Zuletzt kann man sich im eigenen Umfeld umschauen, welches mittelständische Unternehmen vielleicht schon erste Erfahrungen mit ‚New Work‘ gesammelt hat, und bereit ist, sich offen darüber auszutauschen.

WTSH-Online-Redaktion: Prof. Wiechern, wir danken Ihnen für dieses Gespräch. 

Das Interview führte Ute Leinigen

Zur Person

Prof. Dr. Rob Wiechern ist Professor für Unternehmensführung am Fachbereich Wirtschaft der Fachhochschule Kiel.

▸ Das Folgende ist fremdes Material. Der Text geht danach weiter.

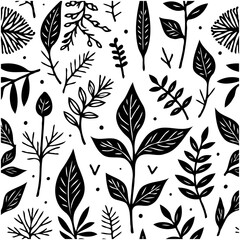 Black and White Seamless Pattern Featuring Botanical Elements for Textile Design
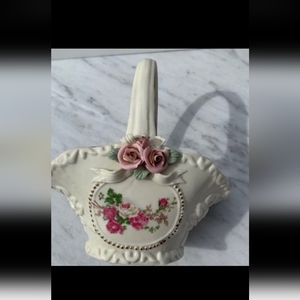 Victorian Clustered Roses Porcelain Basket Rare delicate Beautiful Gold TrimHeig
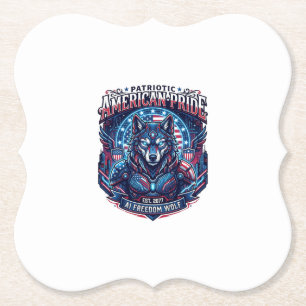 Dessous-de-verre En Papier Loup Cyberpunk Liberté Ai Patriotique Futur Libert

Nach Studium der Wirtschaftswissenschaften an der Universität Witten/Herdecke und Promotion am Wittener Institut für Familienunternehmen (WIFU) folgten mehrjährige Tätigkeiten in der Zukunfts- und Umfeldforschung der Daimler AG, in der Projektentwicklung Erneuerbare Energien, in der Strategie- und Organisationsberatung sowie als Gründerinnen und Gründer-Coach im Rahmen des EXIST-Förderprogramms des BMWi.

Prof. Wiechern lehrt und forscht zu Fragen der Unternehmensführung, der Organisation sowie der Team- und Mitarbeiterführung, insbesondere in mittelständischen Familienunternehmen und technologieorientierten Gründerunternehmen.